Heralded by many as the new king of real-time strategy, the sheer scale of warfare in this game can take a serious toll on your system. Adding "/perf" to the command line of a desktop shortcut will run an automated performance test, simulating a match between several computer opponents. It consists of a series of scripted events, such as a large-scale naval battle, some ground skirmishes, and a whole lot of nuclear missiles decimating everything. Performance is monitored throughout and a detailed results log and composite score is provided. Overclocking afforded substantial improvements across the board, reinforcing Supreme Commander's reputation as a very CPU-intensive game. For a comparison between the low, medium, and high graphics presets, see Figure 2.
Company of Heroes
One of my personal favorites, Company of Heroes is another classic RTS from Relic. In the video settings tab of the options, there is a performance test that renders an in-engine cinematic using the options you have selected. Since there are no presets aside from the auto-configuration feature, I tested using the lowest- and highest-possible settings. Well, highest settings except for the elusive "DX10" shader option. Grayed out and unable to be selected, it taunts me... but I digress. See Figure 3 for minimum, average, and maximum frame rate results. Judging by the difference in the impact of extra CPU horsepower between low and high settings, I think it is safe to say that CoH is fairly GPU-dependent.

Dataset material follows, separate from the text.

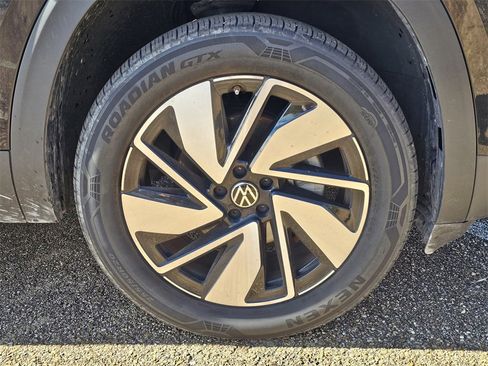 Used 2025 Volkswagen Atlas SE image 30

Though it no longer brings even the best gaming rigs to a grinding halt with its dynamic lighting and soft shadows, this eerie FPS still aims to please your visual palate. Like CoH, it provides a performance test in the graphics options menu to allow you to preview the impact your selections will make. Each of the five fidelity presets made trial runs through the flyby over firefight, fancy water effects, and explosion. See the average reported frame rates in Figure 4. Some sort of anomaly occurs when running the "minimum" option: the performance is actually worse than "low," the next higher preset! Upon further investigation, I determined that DirectX 8 shaders were the culprit. I am not quite sure exactly why this is; perhaps it would make an interesting subject for another time.
Tasks like file compression are where a Core 2 Duo chip really shines. Raw computing power is the name of this game, and the E6600 does not disappoint. The time taken to compress several image files using the "normal" and "best" settings was recorded. See Figure 5. As expected, increased CPU throughput was very beneficial. While a difference of a few seconds doesn't seem like much, it is actually a %10 decrease. So, if you needed to compress much more data, say a few gigabytes, the slight overclock could save you several minutes.

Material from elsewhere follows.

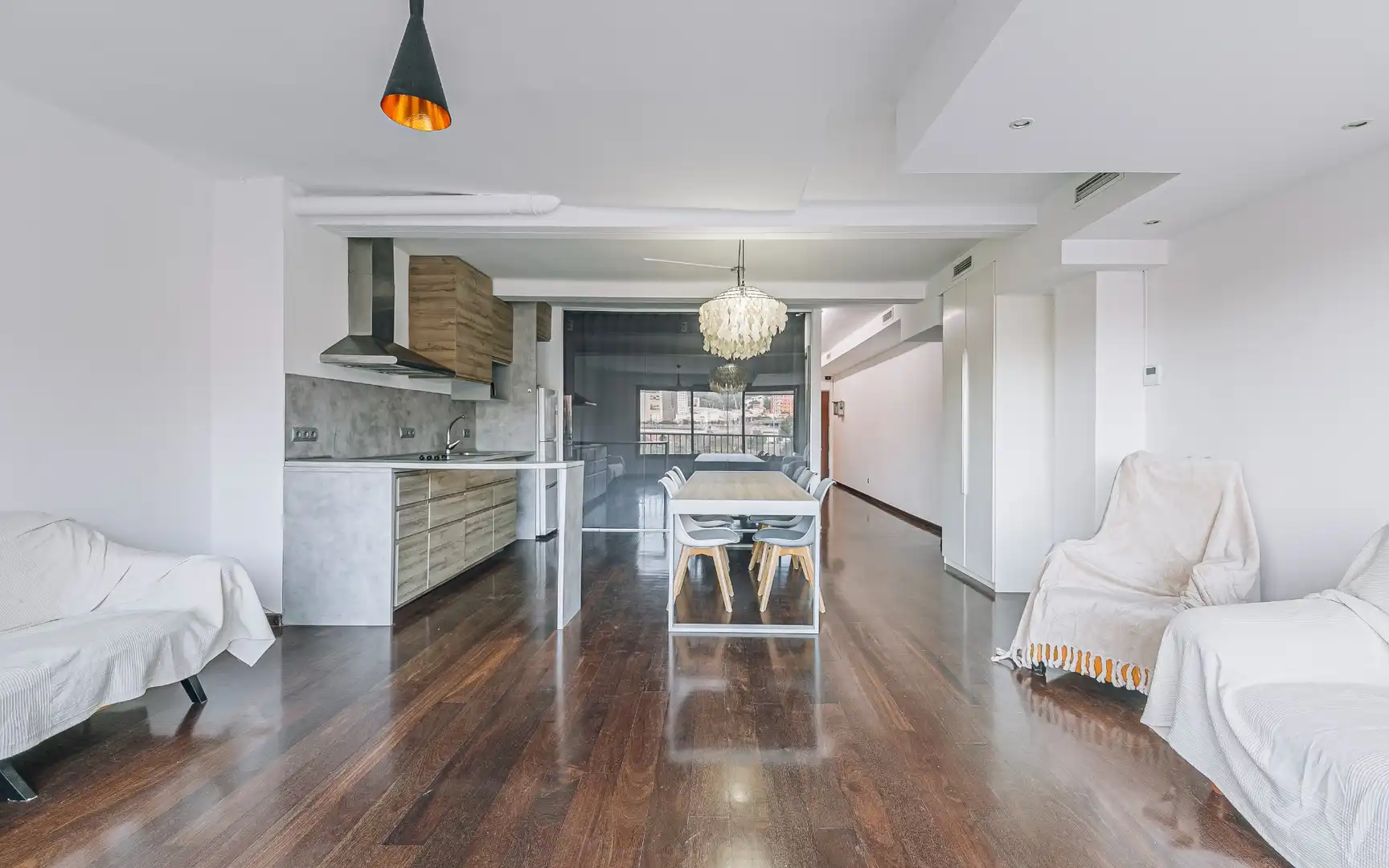 Küche von Wohnung zum Verkauf in Barcelona mit Klimaanlage, Heizung und Möbliert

A single WAV file of about 100MB in size was encoded using various bit-rates. The recorded times are displayed in Figure 5. A consistent reduction of about %20 is brought about by the overclock.
A single 1.63GB AVI file, recorded with FRAPS, was encoded using the Home Theatre profile with a bit-rate of 780Kbps. See Figure 6 for the results.
Though it may be the simplest of all widely-used CPU benchmarks, SuperPi is popular among the overclocker enthusiast crowd. The best of the best wear the ability to calculate pi to a million decimal places in less than ten seconds like a badge of honor. SuperPi Mod is a specially modified version that includes higher precision in the timer results, cheat-protection, checksum support, and bug fixes. I compared the results of calculations to one million, two million, and four million decimal places. See Figure 6.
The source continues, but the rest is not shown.